[Opening Data for analysis section]

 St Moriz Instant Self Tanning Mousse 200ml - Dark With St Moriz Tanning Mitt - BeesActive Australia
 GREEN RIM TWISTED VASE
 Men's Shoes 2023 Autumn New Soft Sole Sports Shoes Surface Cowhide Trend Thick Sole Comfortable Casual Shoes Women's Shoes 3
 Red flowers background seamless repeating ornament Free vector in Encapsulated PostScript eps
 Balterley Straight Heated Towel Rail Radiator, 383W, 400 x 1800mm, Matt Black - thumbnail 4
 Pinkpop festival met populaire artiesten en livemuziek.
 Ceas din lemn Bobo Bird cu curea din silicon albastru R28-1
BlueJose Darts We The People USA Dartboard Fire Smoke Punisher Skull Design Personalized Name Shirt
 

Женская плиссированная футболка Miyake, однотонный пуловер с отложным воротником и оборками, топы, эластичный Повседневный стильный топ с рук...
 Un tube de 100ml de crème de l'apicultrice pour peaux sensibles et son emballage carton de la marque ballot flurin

[Closing Data for analysis section]
[Opening Data for analysis section]

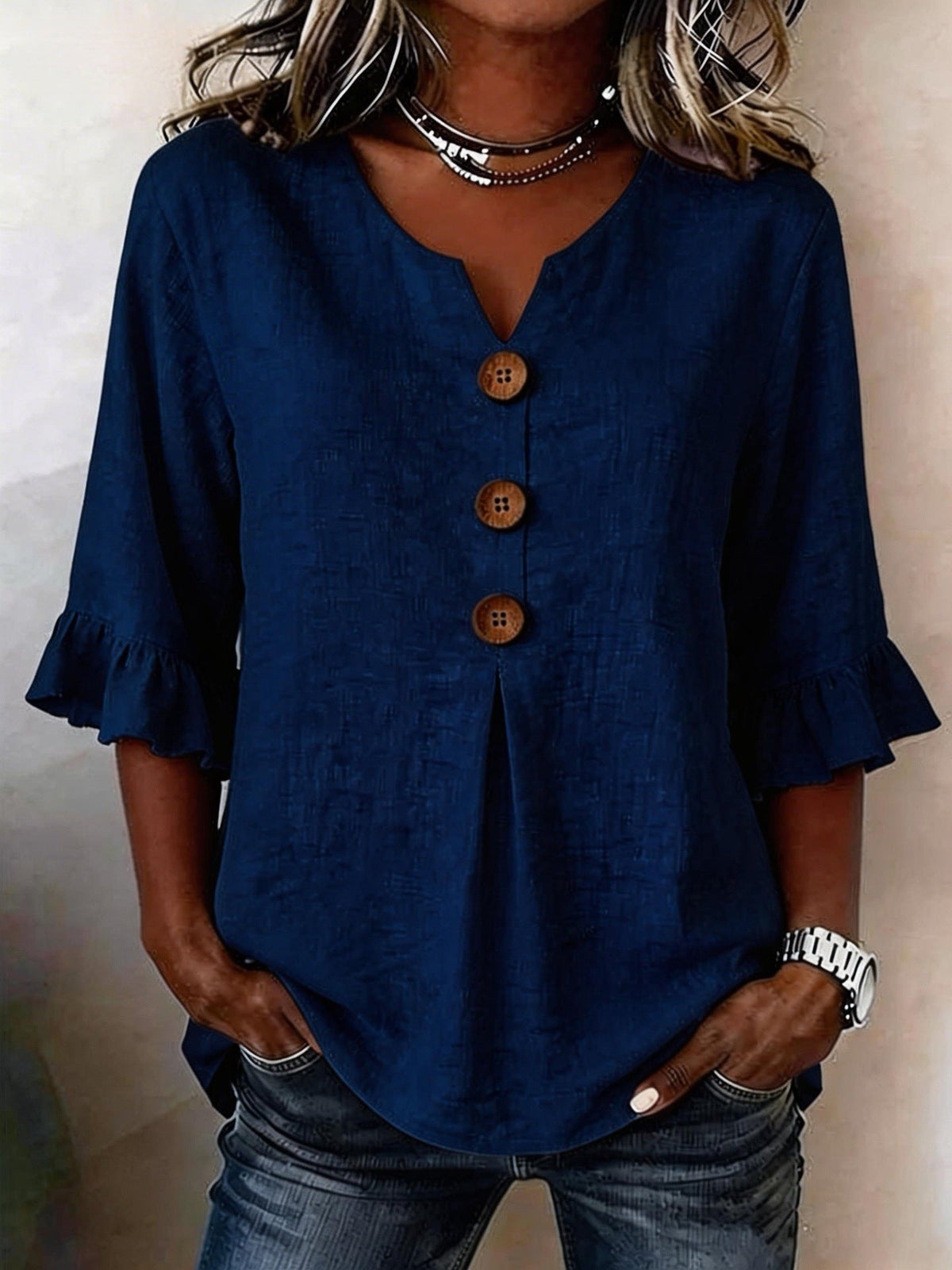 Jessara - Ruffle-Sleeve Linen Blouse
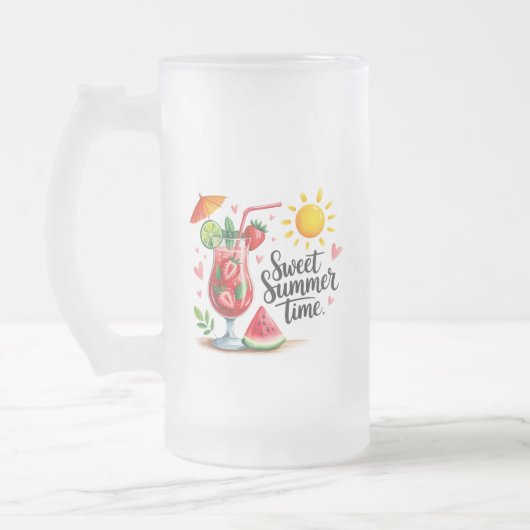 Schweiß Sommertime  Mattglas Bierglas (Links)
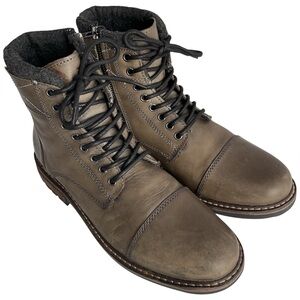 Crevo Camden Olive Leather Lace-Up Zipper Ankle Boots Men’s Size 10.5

[Closing Data for analysis section]
[Opening Data for analysis section]

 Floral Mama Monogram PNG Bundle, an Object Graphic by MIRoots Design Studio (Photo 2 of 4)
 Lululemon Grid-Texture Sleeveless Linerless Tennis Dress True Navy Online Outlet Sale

[Closing Data for analysis section]

What is required. Above are the entries. Copy exactly the part that opens with the line containing "Pinkpop festival met" and closes with the line containing "BlueJose Darts We", and no more.

Exercise output.
 Pinkpop festival met populaire artiesten en livemuziek.
 Ceas din lemn Bobo Bird cu curea din silicon albastru R28-1
BlueJose Darts We The People USA Dartboard Fire Smoke Punisher Skull Design Personalized Name Shirt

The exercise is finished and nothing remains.